The promos for the band show the two teams climbing a ladder for the BCS crown. I think a more adequate depiction of the BCS system would show all of the teams getting on an AMTRAK train from Boston to New York and being given tickets to their destination. Oh, sorry Michigan. Did you think you were going to Penn Station? That's cute. Have fun in Norwalk, motherfucker.
(Did you like that burn, Bowl Championship Series?)
Eddie George says that for Ohio State to win they need to win the turnover battle AND not turn the ball over. Thanks, Eddie.
Looks like it's a neck and neck battle between "Alpha Dog" and "Primeval" for most promoted movie. Alpha Dog looks pretty awesome and I can't wait to see it. Primeval is a horror movie about an alligator. Rentaaaaallll.
This game is being played at The University of Phoenix Stadium. I once saw a car with a University of Phoenix sticker on the rear window. I think more collegiate games should be played in places sponsored by fake schools. C'mon Devry, make it happen. Or, what if Florida State played in the ITT Tech Bowl? Who has the better degree?

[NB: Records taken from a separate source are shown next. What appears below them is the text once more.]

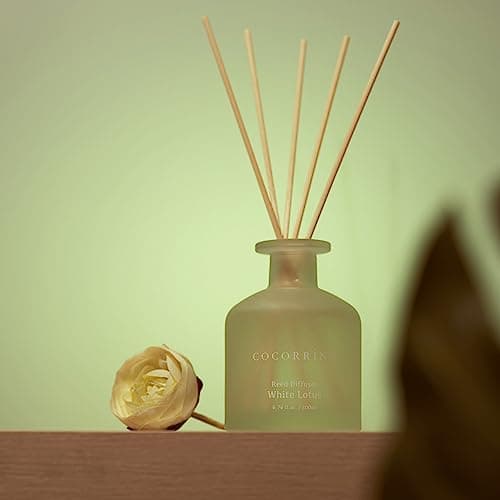 Cocorrína diffuseur de Parfum - Lotus Blanc 200ml parfums d'intérieur avec bâtonnets Diffuseur Reed d'huiles essentielles pour la Chambre à Coucher, la Salle de Bain, l'étagère et Le Bureau
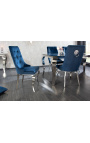 Komplet 2 sodobnih baročnih stolov iz modrega žameta in kromiranega jekla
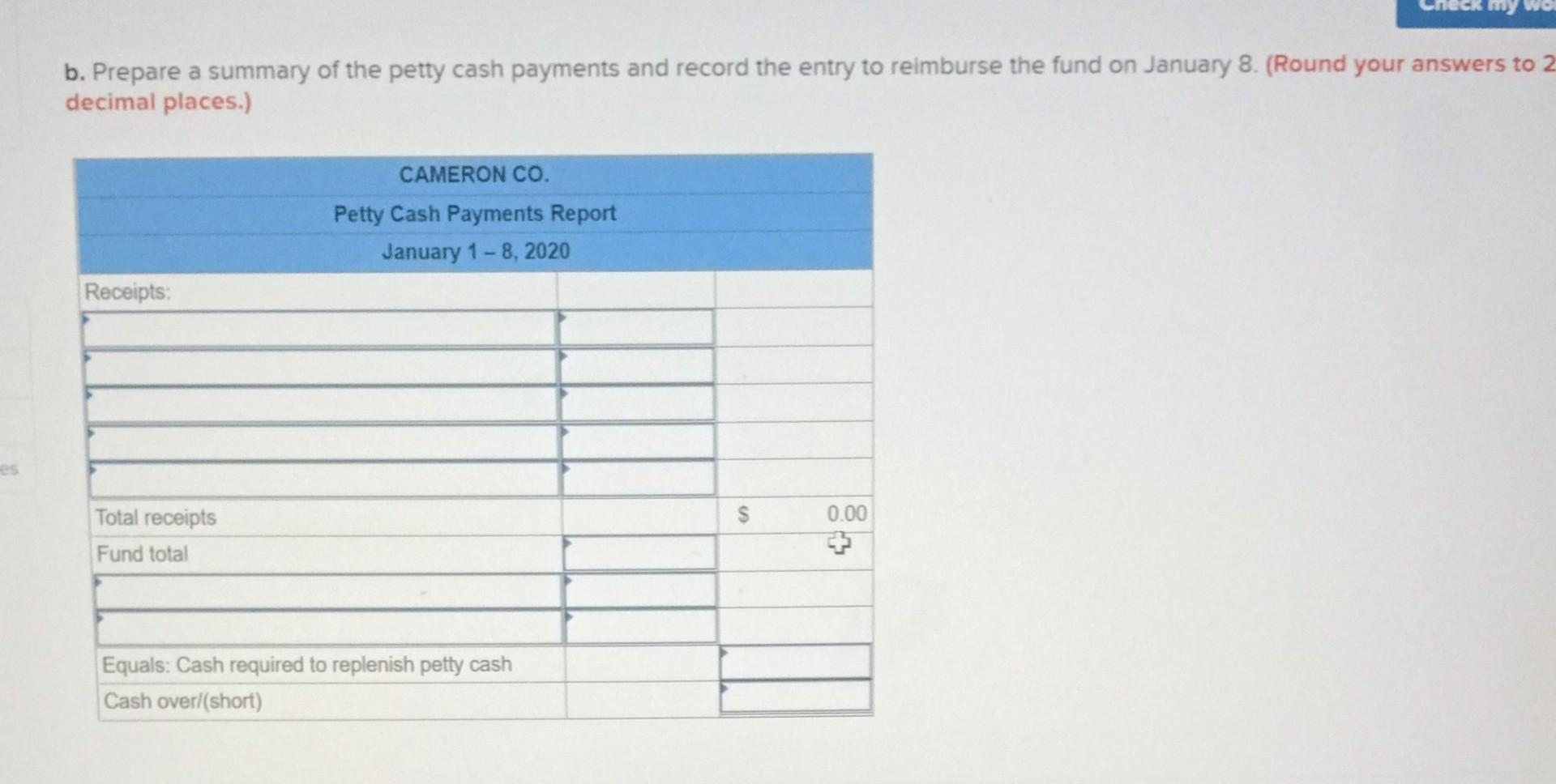 Cameron Co Established A 152 Petty Cash Fund On January 1 2020 One Week Later On January 8 The Fund Contained 29 3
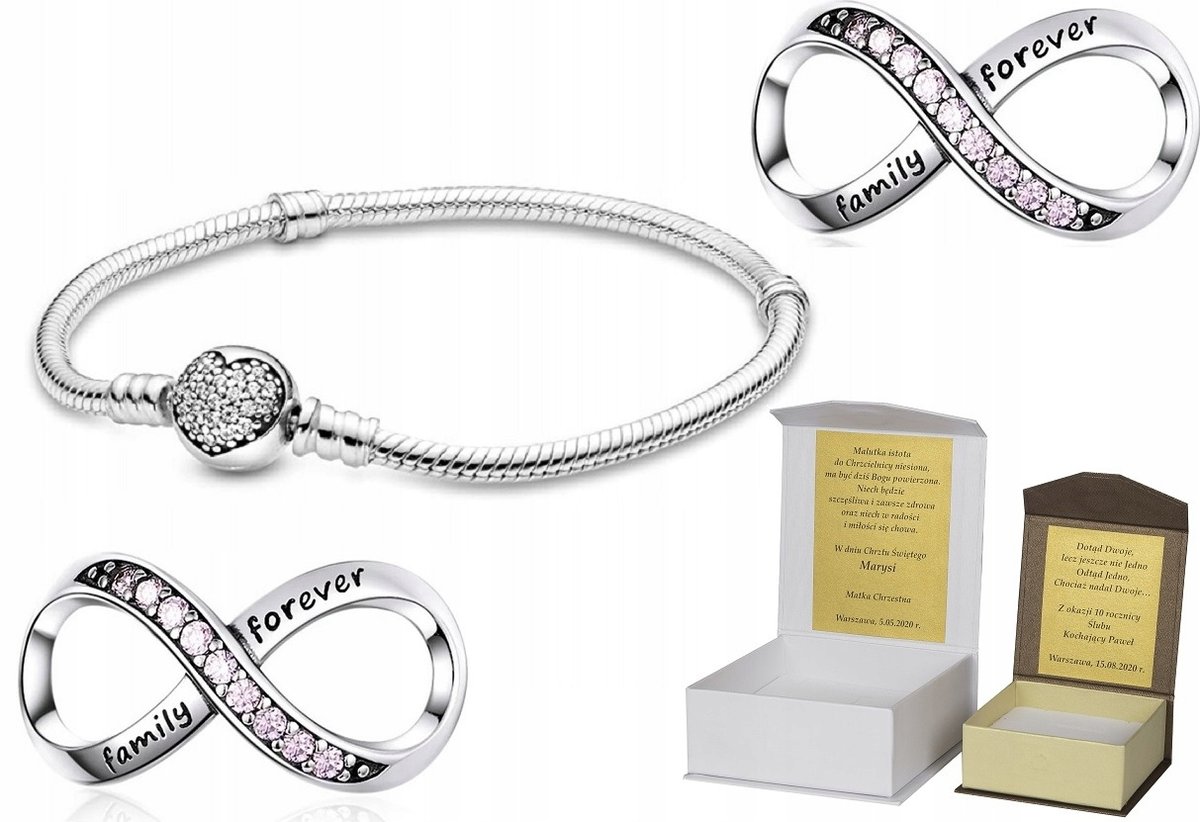 Bransoletka srebrna 21 cm CHARMS + B119
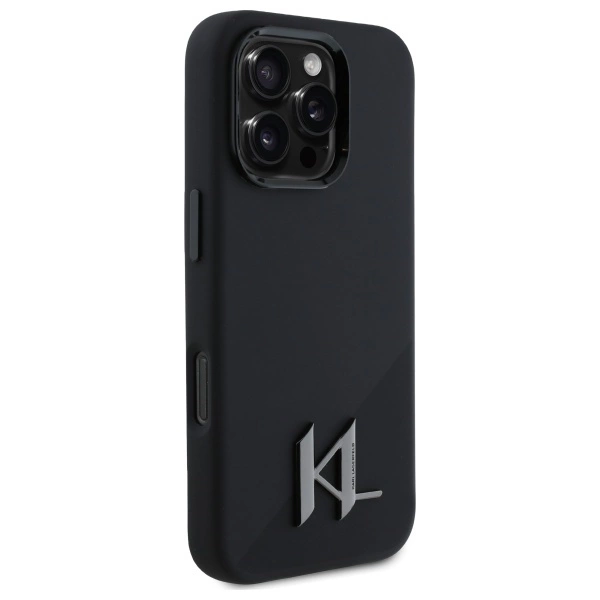 Karl Lagerfeld Silicone Shadow Metal Initial MagSafe iPhone 16 Pro Case - Blackeng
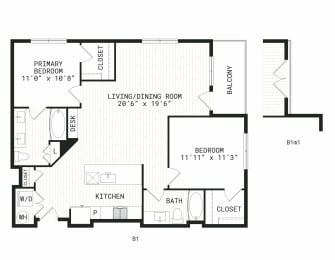 Aura Uptown Apartments in Phoenix, Arizona B1m1 Floor Plan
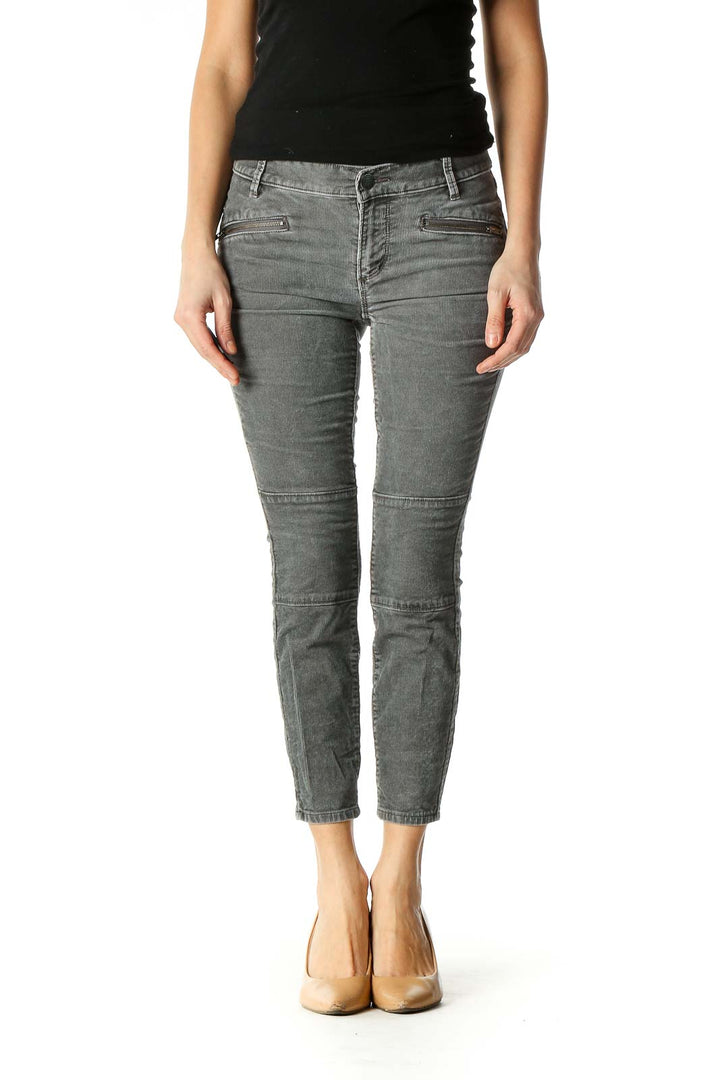 Gray Casual Skinny Jeans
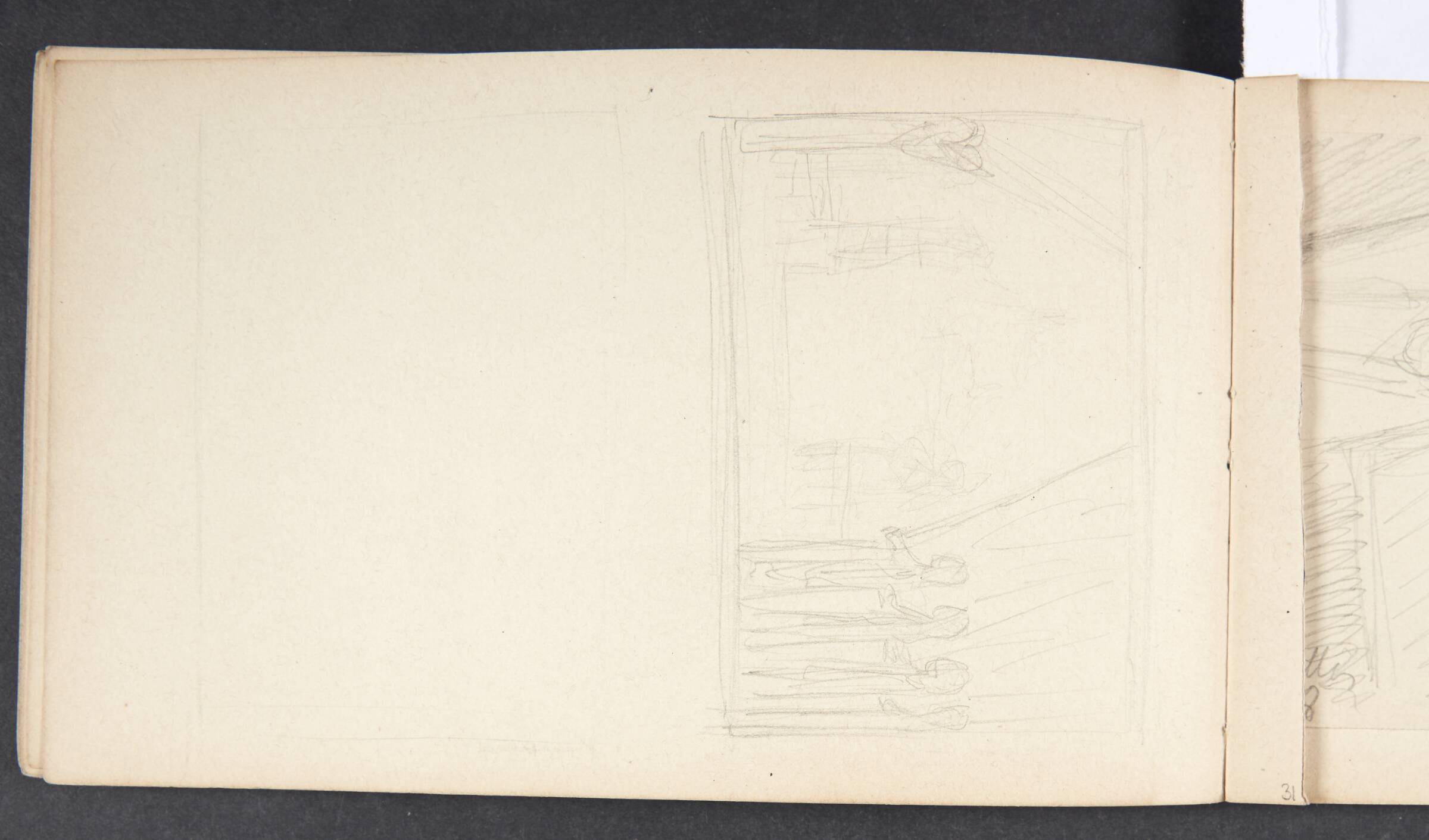 Kompositionsrids med figurer samlet omkring en himmelseng, forrest kvinder, der holder et draperi til side, Agnes Slott-Møller, 1897-1898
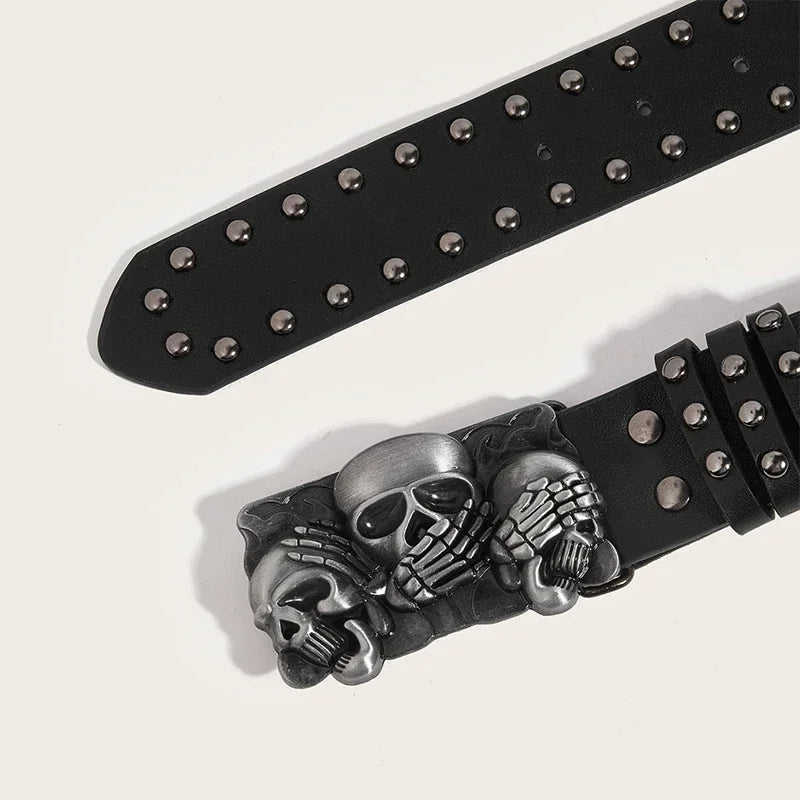 Halloween Skeleton Hand Belt Skull Casual Gothic Men Belt Vintage Snap Buckle Beaded Hip Hop Rock Cowboy Decoration Punk Belts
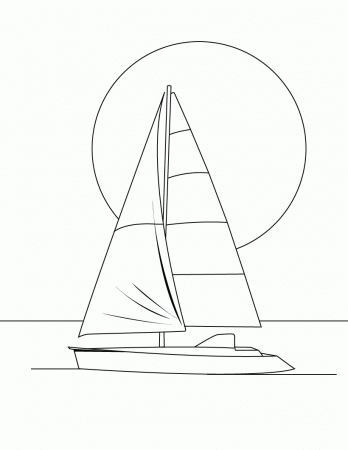 Sailboat Coloring Pages Sailing In Evening Printable | Coloring ...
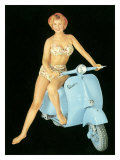 Poster d'une pin-up sur une Vespa Piaggio Reproduction procédé giclée
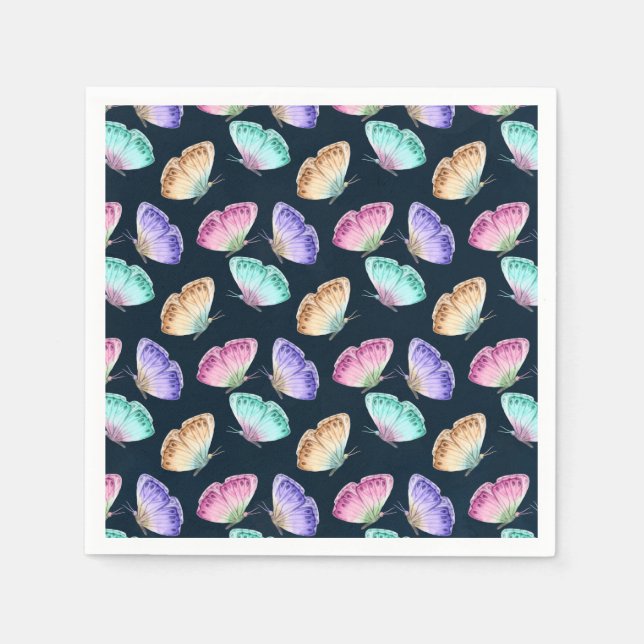 Pretty Pastel Colours Watercolor Butterfly Pattern Napkin (Front)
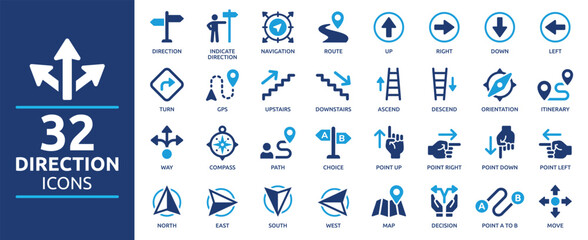 Direction icon set. Containing route, itinerary, compass, arrow symbol, path, way, pointing direction and map icons. Solid icon collection.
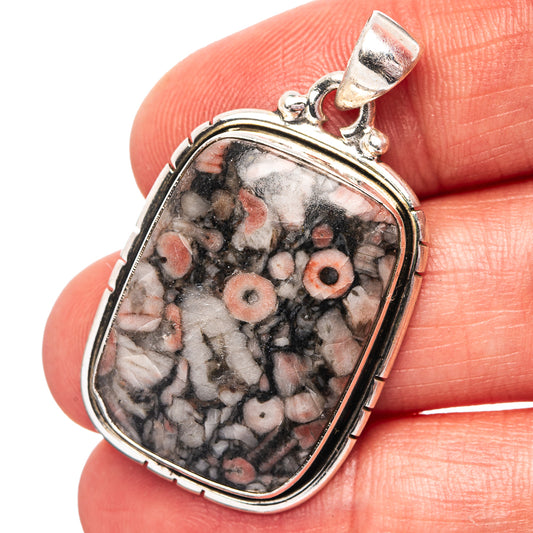 Crinoid Fossil Pendant 1 1/2" (.925 Sterling Silver)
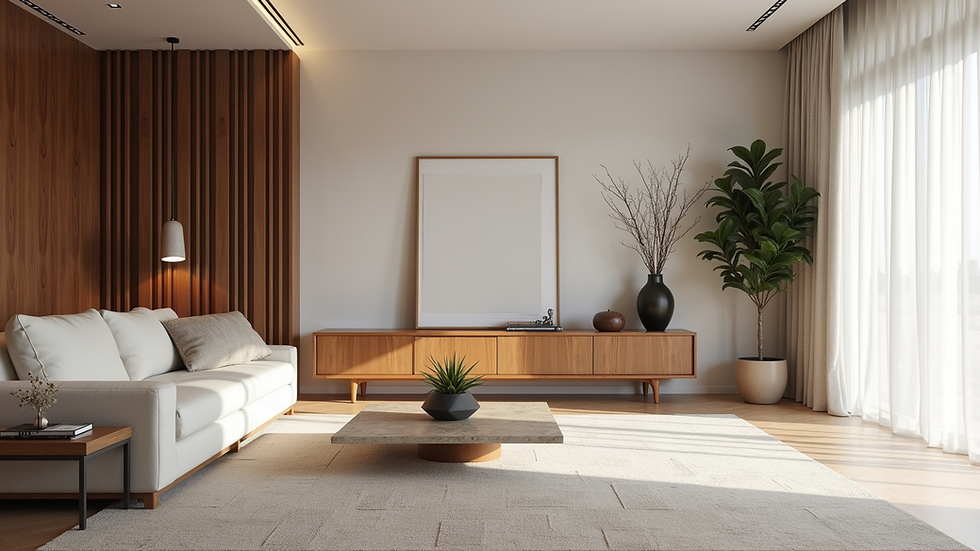 Eye-level view of a modern living room with teak wood furniture and marble accents
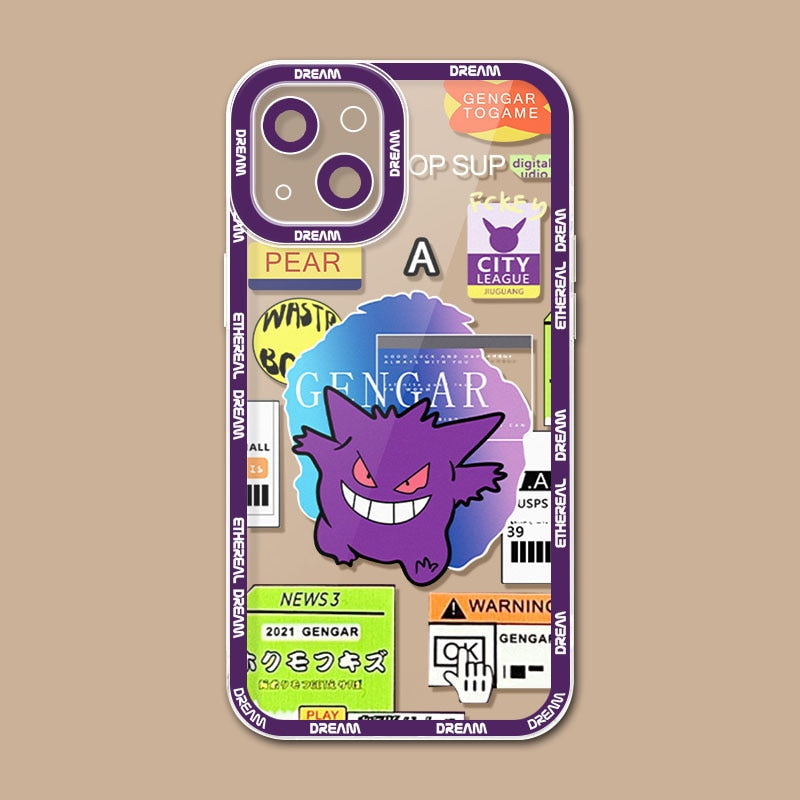 Capa para celular Japão Anime Pokemon Pikachu Roxo Gengar Psyduck Compre 1 Ganhe Outra Gratis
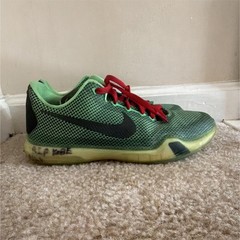 Nike Kobe 10 Low Top Basketball Sneaker Mesh Breathable Green/Black/Red 7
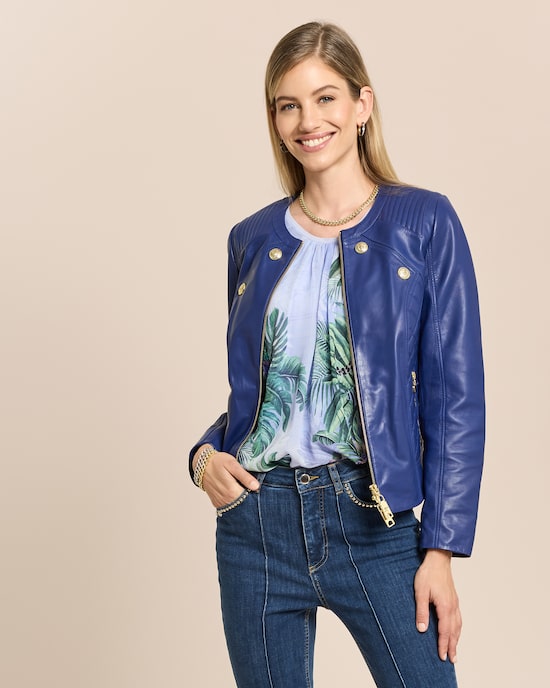 Produktabbildung für Lederjacke mit Steppung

Where is Colonel Bud Day? Have you seen him?
Remember for the 2008 election, Floridians, John McCain won you the coin toss.
Ted Ginn scored on the opening kickoff of the game. Holy shit! Finally after 2 seaons worth of Ginn fluffing he does something insanely exciting at an important moment.
Chris Leak looks like "The Famous Jett Jackson" of Disney Channel fame. Yeah, I went there.
Tim Tebow rules. Every video game portrayal of myself I've ever created has unknowingly been a duplicate of Tebow. Speaking of video games, in last nights MSU-Mich. battle in NCAA 07, I let up a kickoff for a TD to Michigan and lost 48-21. Auspicious for the Gators.
Maybe not! Chris Leak threw a lob into a soft zone for a TD. 7-7!
Well, there's going to be some defense played after all. That's nice. 3 and out for the first OSU drive. UF should have really good field position.
OSU's defense looks really rusty. Maybe the 50+ days off affected them.
Touchdown on an option. UF's rushing game was non existent this season and they've been able to gash OSU pretty well everytime they've tried.
Another good return, this one by Anthony
Not a good sequence of events for either team. Ted Ginn is walking to the locker room with a foot injury, Smith got sacked for a major loss, now UF's Harvey is down.
Troy Smith throws a pick to Reggie Lewis on 3rd and 14. Wow. OSU looks terrible, special teams notwithstanding.